Setting aside partisan politics and whether President Biden’s Build Back Better Act will be law and what will happen in this November’s midterm elections, the uncertainty and lack of forward progress is causing many Democrats to raise the volume on calls to cancel student loan debt as a means of motivating their base.
Hearing Democratic lawmakers call on the president to cancel some or all of the outstanding student debt in the United States is reviving the debate on whether he can in the first place, according to a published report. It appears that the one thing everyone can agree on is that there is no clear answer whether the president has the authority to unilaterally cancel student loans. Those who argue he doesn’t have the authority say doing so will violate the Appropriations Clause of the Constitution and the 1982 Antideficiency Act, which prohibits the executive branch of the government from spending money without Congressional approval. Those in favor of cancellation say those provisions do not apply to student loan forgiveness and add that the Secretary of Education has “wide authority” when it comes to determining how student loan debts are collected and repaid.
Ultimately, if the president decides to move forward with some form of wide-scale cancellation, the issue would be whether lawsuits challenging such a move could succeed. Sen. Elizabeth Warren [D-Mass.] has penned a memo outlining that such lawsuits would “likely fail,” because the plaintiffs would be unable to prove how they were wronged — an issue of standing, as anyone in the accounts receivable management industry will recognize.
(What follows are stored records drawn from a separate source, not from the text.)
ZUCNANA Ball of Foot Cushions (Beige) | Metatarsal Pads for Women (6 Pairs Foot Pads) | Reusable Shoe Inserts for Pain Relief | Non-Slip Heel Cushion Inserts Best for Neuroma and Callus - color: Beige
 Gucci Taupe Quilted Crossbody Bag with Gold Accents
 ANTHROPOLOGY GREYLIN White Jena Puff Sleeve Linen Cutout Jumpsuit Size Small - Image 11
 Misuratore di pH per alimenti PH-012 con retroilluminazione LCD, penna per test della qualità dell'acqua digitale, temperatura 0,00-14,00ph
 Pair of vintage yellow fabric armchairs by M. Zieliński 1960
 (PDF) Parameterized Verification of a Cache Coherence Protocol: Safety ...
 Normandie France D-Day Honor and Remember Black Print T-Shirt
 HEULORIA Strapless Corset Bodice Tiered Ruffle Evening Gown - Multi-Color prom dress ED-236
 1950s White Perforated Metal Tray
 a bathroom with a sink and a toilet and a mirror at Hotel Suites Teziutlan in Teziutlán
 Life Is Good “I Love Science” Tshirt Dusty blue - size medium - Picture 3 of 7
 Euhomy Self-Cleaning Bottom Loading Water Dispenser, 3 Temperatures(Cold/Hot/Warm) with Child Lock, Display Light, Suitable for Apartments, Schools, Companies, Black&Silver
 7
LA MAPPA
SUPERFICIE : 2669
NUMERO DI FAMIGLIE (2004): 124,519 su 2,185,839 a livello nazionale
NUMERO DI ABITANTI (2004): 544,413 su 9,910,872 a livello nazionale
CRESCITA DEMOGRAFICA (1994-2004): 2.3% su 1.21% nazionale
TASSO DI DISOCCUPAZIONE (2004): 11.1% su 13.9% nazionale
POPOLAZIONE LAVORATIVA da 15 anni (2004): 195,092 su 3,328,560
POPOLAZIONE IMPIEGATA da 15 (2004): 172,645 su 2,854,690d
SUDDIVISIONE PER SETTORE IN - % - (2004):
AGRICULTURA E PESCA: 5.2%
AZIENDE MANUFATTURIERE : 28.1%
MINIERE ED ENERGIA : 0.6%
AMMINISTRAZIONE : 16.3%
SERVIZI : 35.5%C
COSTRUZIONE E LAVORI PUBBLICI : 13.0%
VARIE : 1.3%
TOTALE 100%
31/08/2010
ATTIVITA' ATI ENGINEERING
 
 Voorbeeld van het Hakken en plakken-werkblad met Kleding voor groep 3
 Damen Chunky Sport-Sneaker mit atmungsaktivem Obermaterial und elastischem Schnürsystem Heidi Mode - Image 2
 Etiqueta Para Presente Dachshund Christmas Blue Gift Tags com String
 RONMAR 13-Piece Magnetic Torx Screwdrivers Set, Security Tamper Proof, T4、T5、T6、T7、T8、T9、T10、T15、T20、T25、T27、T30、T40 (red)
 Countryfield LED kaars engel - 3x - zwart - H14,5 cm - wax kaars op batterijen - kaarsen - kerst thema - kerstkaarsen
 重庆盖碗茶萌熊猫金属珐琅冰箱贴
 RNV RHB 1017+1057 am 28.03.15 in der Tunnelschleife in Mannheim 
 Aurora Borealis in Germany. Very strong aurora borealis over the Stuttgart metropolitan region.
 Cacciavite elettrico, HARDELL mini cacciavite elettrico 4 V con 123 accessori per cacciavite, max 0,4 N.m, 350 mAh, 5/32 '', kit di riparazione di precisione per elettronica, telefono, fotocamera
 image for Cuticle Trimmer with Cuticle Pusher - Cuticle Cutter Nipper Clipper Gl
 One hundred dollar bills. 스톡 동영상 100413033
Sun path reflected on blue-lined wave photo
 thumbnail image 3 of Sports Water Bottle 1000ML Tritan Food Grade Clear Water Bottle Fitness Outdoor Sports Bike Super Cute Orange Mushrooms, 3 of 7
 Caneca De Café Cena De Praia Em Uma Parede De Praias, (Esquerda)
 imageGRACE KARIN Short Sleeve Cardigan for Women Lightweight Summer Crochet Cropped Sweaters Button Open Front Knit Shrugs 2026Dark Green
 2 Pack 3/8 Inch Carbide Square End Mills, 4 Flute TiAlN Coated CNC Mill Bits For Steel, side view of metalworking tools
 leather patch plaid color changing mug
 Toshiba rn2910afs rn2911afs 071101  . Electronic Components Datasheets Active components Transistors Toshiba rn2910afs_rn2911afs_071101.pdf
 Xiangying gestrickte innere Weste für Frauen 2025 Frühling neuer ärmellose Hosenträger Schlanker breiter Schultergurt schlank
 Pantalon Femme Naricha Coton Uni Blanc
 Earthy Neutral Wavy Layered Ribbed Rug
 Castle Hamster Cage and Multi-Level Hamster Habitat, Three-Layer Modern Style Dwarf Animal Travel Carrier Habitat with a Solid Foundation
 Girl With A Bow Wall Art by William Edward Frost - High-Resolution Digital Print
“Biden has expressed skepticism about blanket forgiveness allowing students who attended elite institutions to have relief and is likely fearing backlash from angry voters who have already paid off their own student loans or who did not choose to pursue higher education due to its cost,” wrote one analyst. “The looming midterm elections will keep deferment and forgiveness on the agenda as the Democratic Party debates the political consequences of each outcome.”